# Reality vs. Expectation



## Spider (Aug 24, 2013)

Thought this was funny.


----------



## Jess A (Aug 24, 2013)

Haha! Loved the bit particularly about the work space. I painted my office in calming blue tones and set it up to 'fuel my muse' - I never, ever write in there. It's become more of a storage space for books, guitars and research. I sit at my desk in my bedroom or on my bed, or I write in a notebook when I'm out and about. I keep saying I'll clear the office one day, and use it properly. But...it's been three years.


----------



## Devor (Aug 25, 2013)

That was depressing.


----------



## Daenelia (Aug 28, 2013)

I always envision Roald Dahl in his old chair in the shed. That's reality and it is pretty romantic. 

... I am already planning a shed in the garden even if I will never write a book.


----------



## A. E. Lowan (Aug 28, 2013)

My reality involves a chair with folded towels for added padding, a stuffed baby griffin, and a metal slinky.

And pens.  An ungodly amount of really nice pens.  Which is really funny since I do all my note-making on the computer.


----------



## Steerpike (Aug 28, 2013)

Expectation:

I have a nice writing space where I can put my computer!

Reality:


----------



## Nihal (Aug 28, 2013)

The above pic reminded me of my situation.

Expectation: Large desk with space of all my stuff neatly organized, my big awesome tablet + new display and desk lamp.

Reality: Me sitting on the rug of my living room (at least it's comfy) with my laptop, my smaller tablet, a blanket and two cats jumping on me because I'm on the floor.


----------



## Spider (Sep 10, 2013)




----------



## druidofwinter (Sep 10, 2013)

Lol!
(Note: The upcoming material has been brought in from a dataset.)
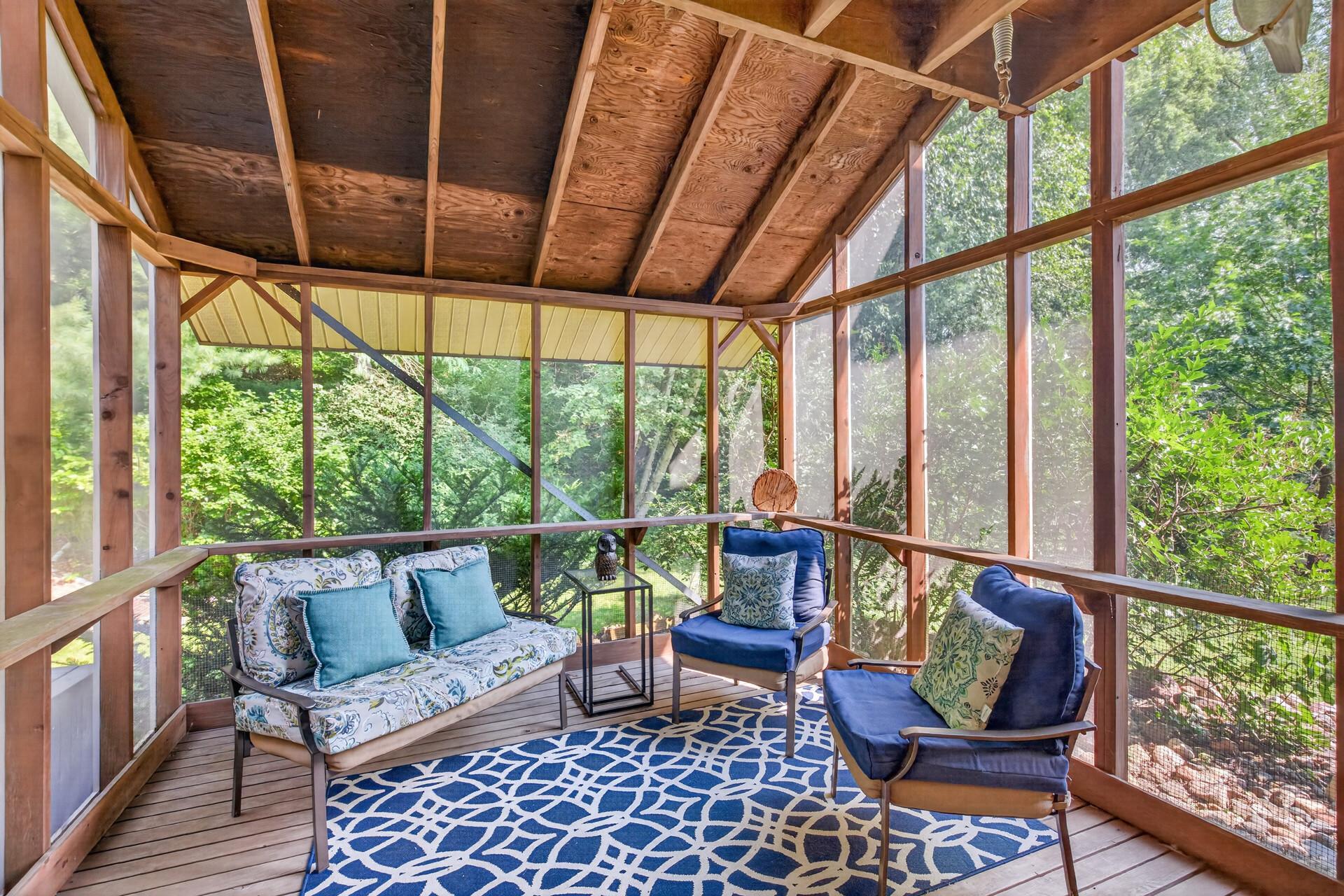 The screened three-season porch located off the 3rd level living space is ideal for reading, conversation, or enjoying a quiet evening.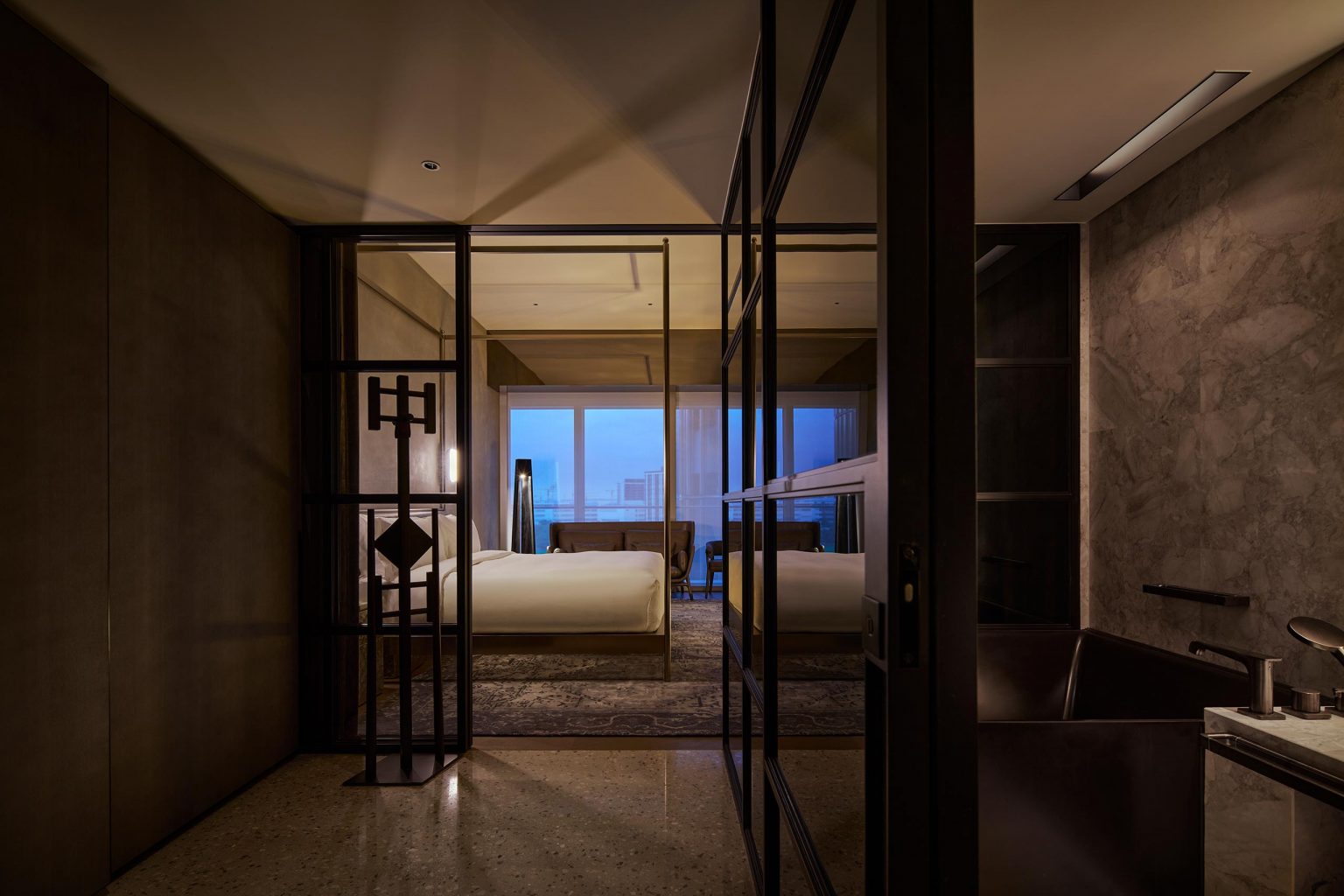 Luxurious hotel room with moody lighting, featuring a large bed, floor-to-ceiling windows with city view, and elegant décor. A modern bathroom is visible.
I love that Spider!


----------



## ThinkerX (Sep 11, 2013)

I have a dedicated writing space that I write at...

...and one of these days I'll be able to see the desk underneath it.  Make that two desks and assorted book cases, all piled high with tottering stacks of books, papers, and other things... (On the bright side, a few weeks ago I did find the stapler I'd lost years back.  Gotta wonder what else is beneath some of those stacks.)


----------